Global Feature Importance#
Global feature importance provides insights into the overall model by indicating how much each feature contributes to the model’s predictions across the entire dataset. Two common methods for global feature importance are permutation and surrogate models.
Permutation Feature Importance: This method involves shuffling the values of each feature and measuring the change in the model’s error. If shuffling a feature’s values increases the error significantly, the feature is considered important. This approach is model-agnostic and intuitive.
The permutation feature importance measures the importance of a feature by calculating the increase in the model’s prediction error after the feature’s values have been perturbed. In this context, the perturbation involves shuffling the feature’s values.
With this approach, a feature is considered more important if shuffling its values leads to a significant increase in the model’s prediction error. Conversely, a feature is considered less important if shuffling its values results in little to no change in the model’s prediction error.
The basic algorithm for permutation feature importance is:
Input: trained model \(\hat{f}\), feature matrix \(X\), target \(y\), error measure \(\mathcal{L}(y, \hat{f})\)
Estimate model error \(\epsilon_{0}=\mathcal{L}(y, \hat{f}(X))\)
For each feature \(j\) in \(1, \dots, p\): - generate a permuted feature matrix \(\bar{X}\) - estimate \(\bar{\epsilon}=\mathcal{L}(y, \bar{X})\) - compute the permutation feature importance ratio \(\mathcal{F}_{j}=\frac{\bar{\epsilon}}{\epsilon_{0}}\) or the difference \(\mathcal{F}_{j}=\bar{\epsilon}-\epsilon_{0}\)
Sort the features by descending \(\mathcal{F}\)
This algorithm follow the implementation proposed by Fisher et al. (2018).
Surrogate Models: Surrogate models involve approximating the complex model with a simpler, interpretable model (like a decision tree). By fitting the surrogate model to the predictions of the complex model, we can gain insights into the decision-making process of the original model.
A surrogate model is an interpretable model designed to approximate the predictions of a more complex machine learning model. The goal is to achieve a model that balances good accuracy with interpretability. To obtain a surrogate model we can employ the following steps:
Input: dataset \(X\), a black-box model \(g\), a interpretable model \(f\)
Select a dataset \(X\)
Get the predictions of \(g\)
Train \(f\) on \(X\) and get its predictions
Measure the performance of \(f\) to replicate the predictions of \(g\) (e.g. R-squared)
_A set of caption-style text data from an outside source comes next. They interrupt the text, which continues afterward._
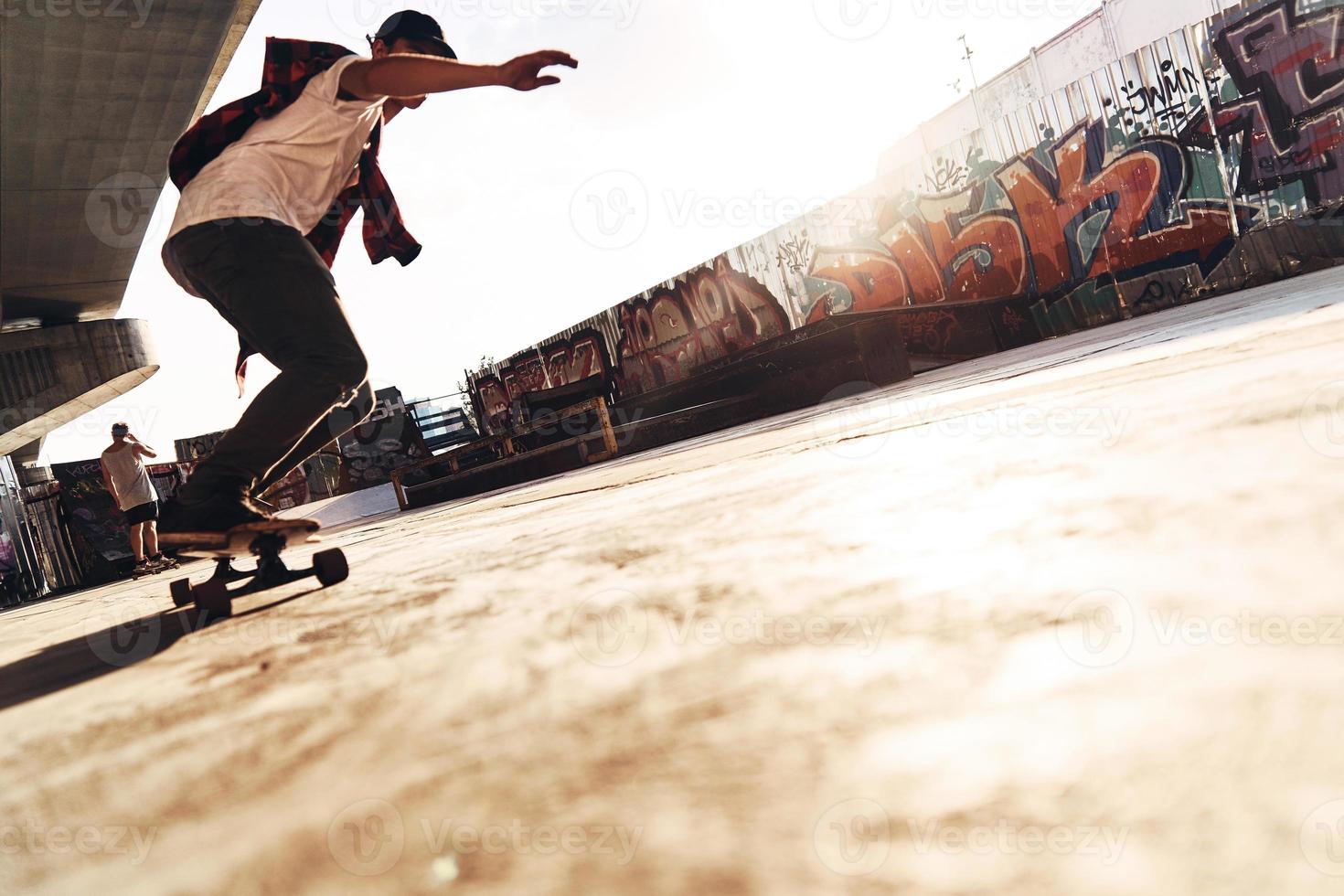 in beweging snel. vol lengte van jong Mens skateboarden terwijl hangende uit Bij de vleet park buitenshuis foto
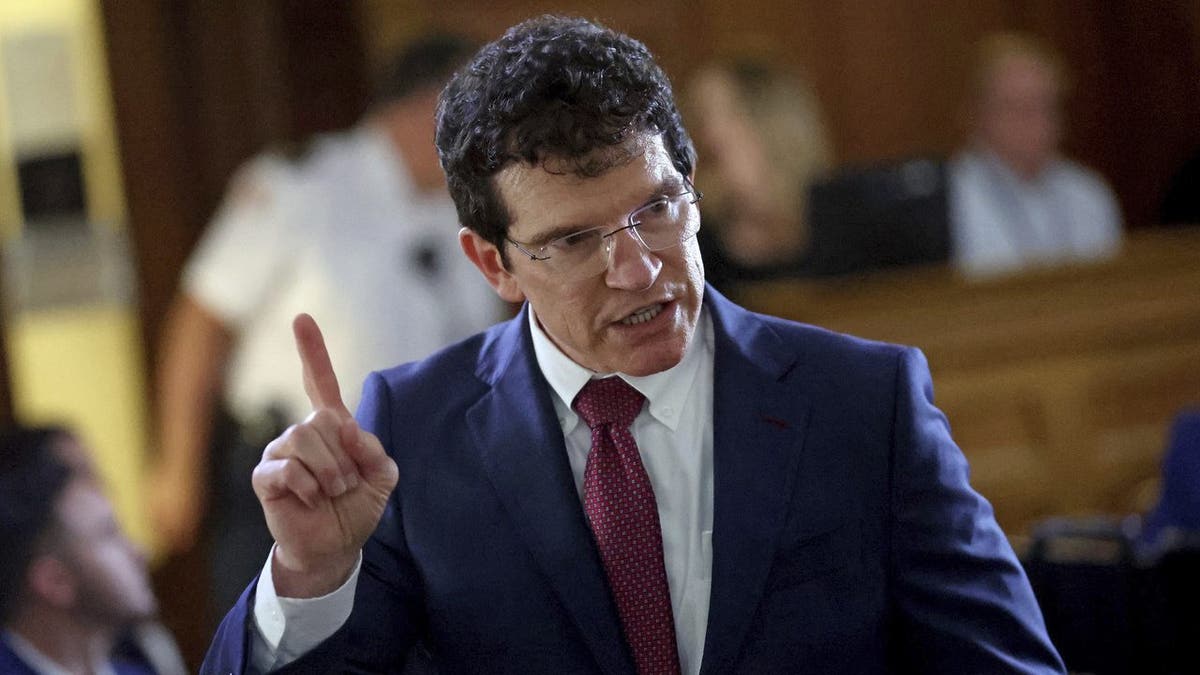 Defense attorney Robert Alessi raises his finger while wearing a blue suit and red tie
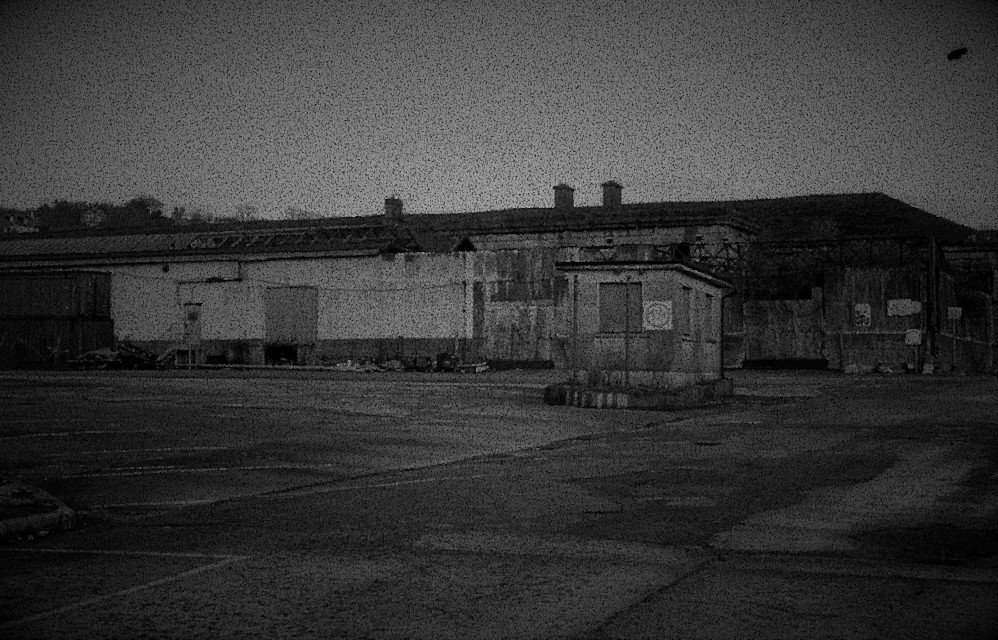 an old warehouse, boarded up with metal and wooden sheets. A security hut in the centre of the untended parking area. Black and white.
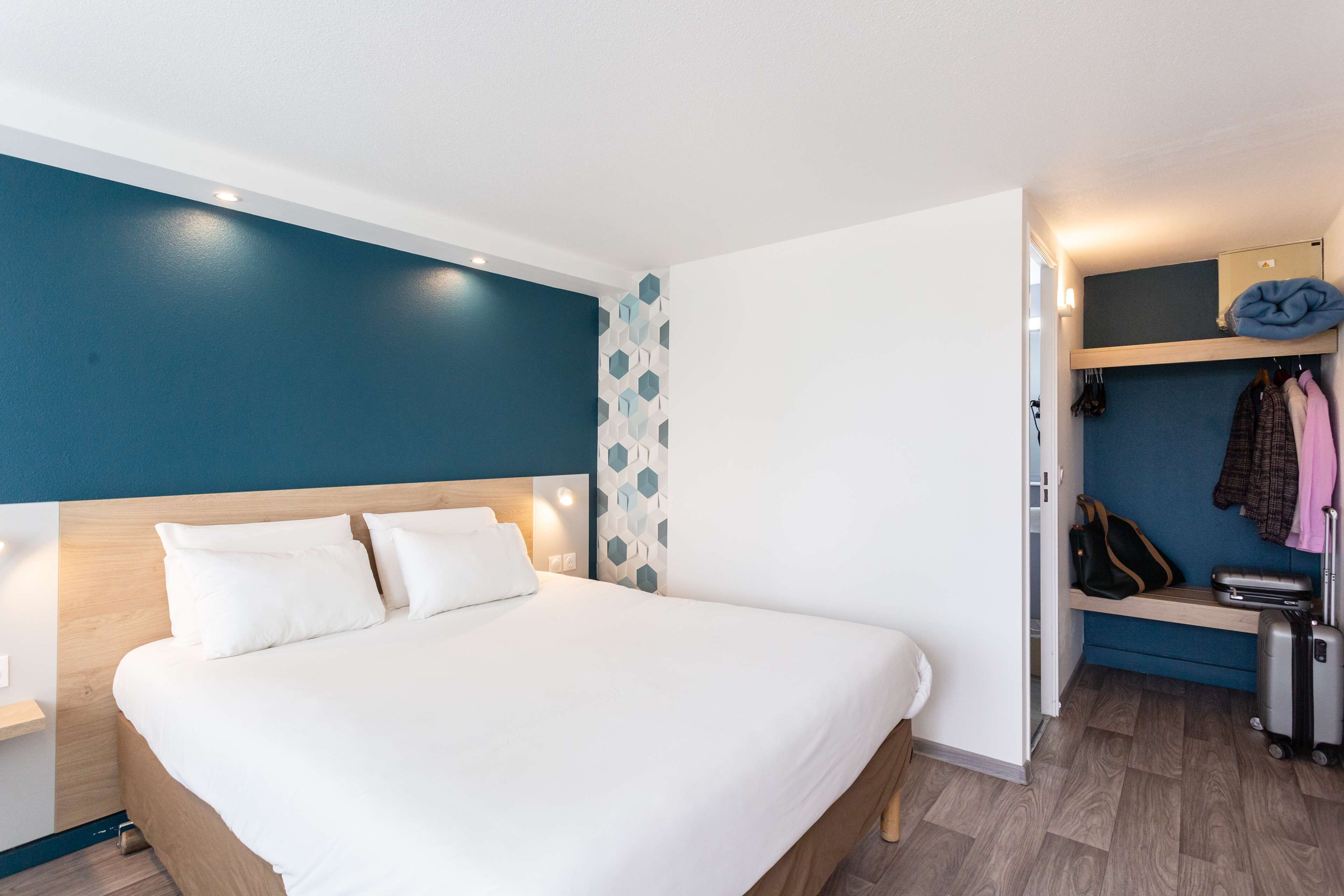 Una habitación de hotel moderna con una cama grande, un armario y un banco con equipaje.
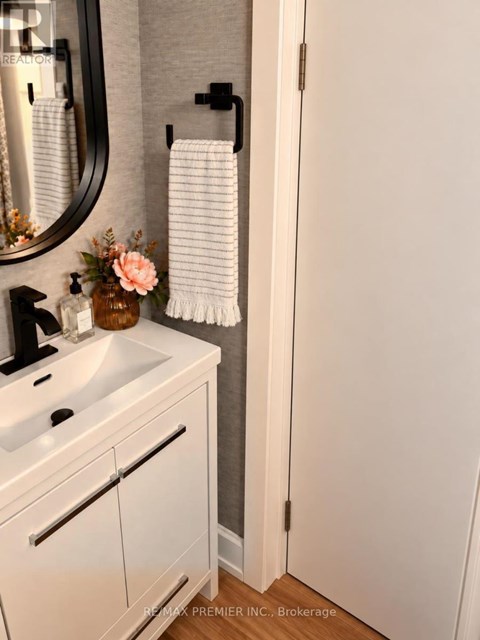 A white bathroom with a sink, mirror, and towel rack.
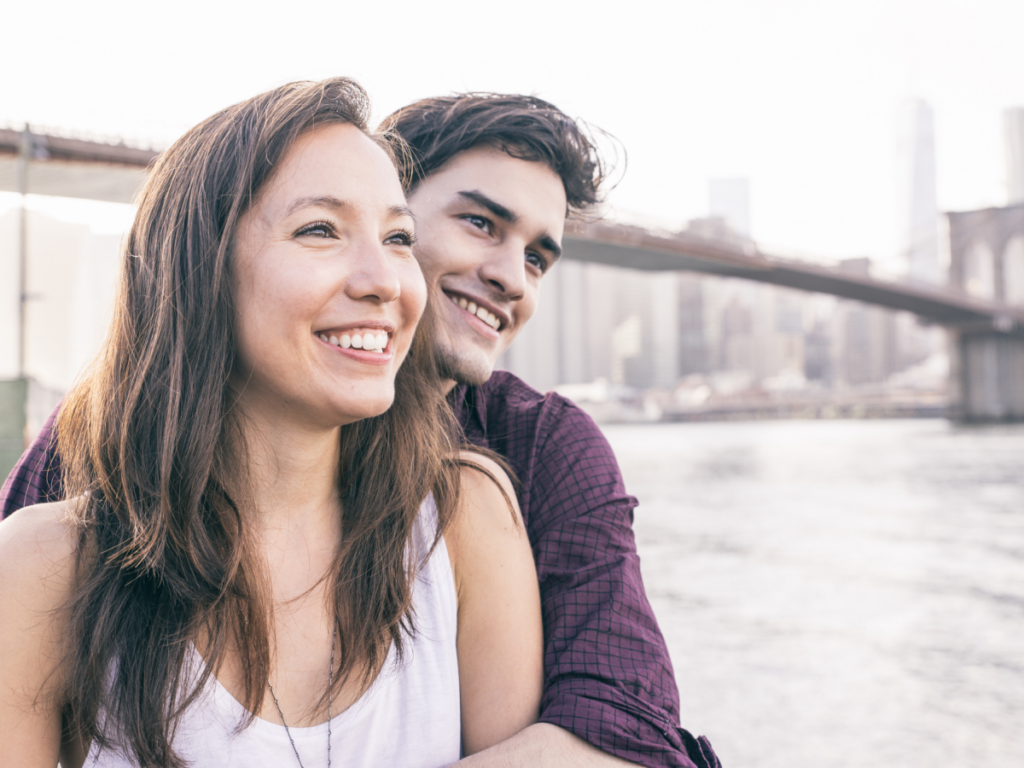 Image of couple by Brooklyn Bridge in New York City getting couples therapy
Interpret the results of surrogate model
Local Feature Importance#
Local feature importance focuses on understanding the contribution of features to individual predictions. Two popular methods for local feature importance are SHAP (SHapley Additive exPlanations) and LIME (Local Interpretable Model-agnostic Explanations).
SHAP: provide a unified measure of feature importance for individual predictions by computing the contribution of each feature to the prediction. This method is based on cooperative game theory and ensures fair attribution of feature importance.
The SHAP presents a unified framework for interpreting model’s predictions. SHAP assign each feature an importance value for a particular prediction. The work also show that game theory results guaranteeing a unique solution apply to additive feature attribution methods and SHAP is a solution with some desired proprieties: (1) local accuracy, (2) missingness, and (3) consistency.
Additive feature attribution have an explanation model \(g\) that is linear function of binary variables
\[g(z') = \phi_{0} + \sum\limits_{i=1}^{M}\phi_{i}z'_{i}\]where \(z'\in \{0,1\}^{M}\), \(M\) is the number of simplified input features, and \(\phi_{i}\in\mathbb{R}\).
Methods with the previous equation attribute an effect \(\phi_{i}\) to each feature, and summing the effects of all feature attributions approximates the output \(f(x)\) of the original model. There are several methods that match this definition, like SHAP and LIME. But the paper argues that SHAP is the unique model that follows the equation and satisfies the desired proprieties 1, 2 and 3.
To achieved this, SHAP uses Shapley values, a result observed in cooperative game theory. We can define Shapley values as
\[\phi_{i}(f, x) = \sum_{z'\subseteq x'} \frac{|z'|!(M-|z'|-1)!}{M!}[f_{x}(z')-f_{x}(z'_{i})]\]where \(|z'|\) is non-zero entries in \(z'\), and \(z'\subseteq x'\) represents all \(z'\) vectors where the non-zero entries are subset of non-zero entries in \(x'\).
LIME: explains individual predictions by approximating the complex model with an interpretable model locally around the prediction. By perturbing the input data and observing the changes in predictions, LIME identifies the most influential features for that specific instance.
The main goal of LIME is propose an explanation method to be applied in any classifier or regression model. In this context, explain is presenting visual or texts artifacts that provides qualitative understanding of the relationship between the instances components and the model’s predictions.
We can define the explanations produced by LIME as
\[\mathcal{E}(x) = arg\min\limits_{g\in G} ~\mathcal{L}(f, g, \pi_{x})+\Omega (g)\]So, the explanation \(\mathcal{E}\) of a given instance $x$ is equal the minimization of the fidelity function \(\mathcal{L}\) while having the complexity \(\Omega (g)\) low enough to be interpretable by humans. In this way, \(\mathcal{L}(f,g, \pi_{x})\) measure how unfaithful the model $g$ is in approximating the model \(f\) being explained in the locality defined by \(\pi_{x}\).
The results find in the paper indicate that LIME is useful to increase trust in black-box models and model selection (avoiding models with good accuracy but with wrong motivations, i.e, using a priori “non-sense” features to make predictions).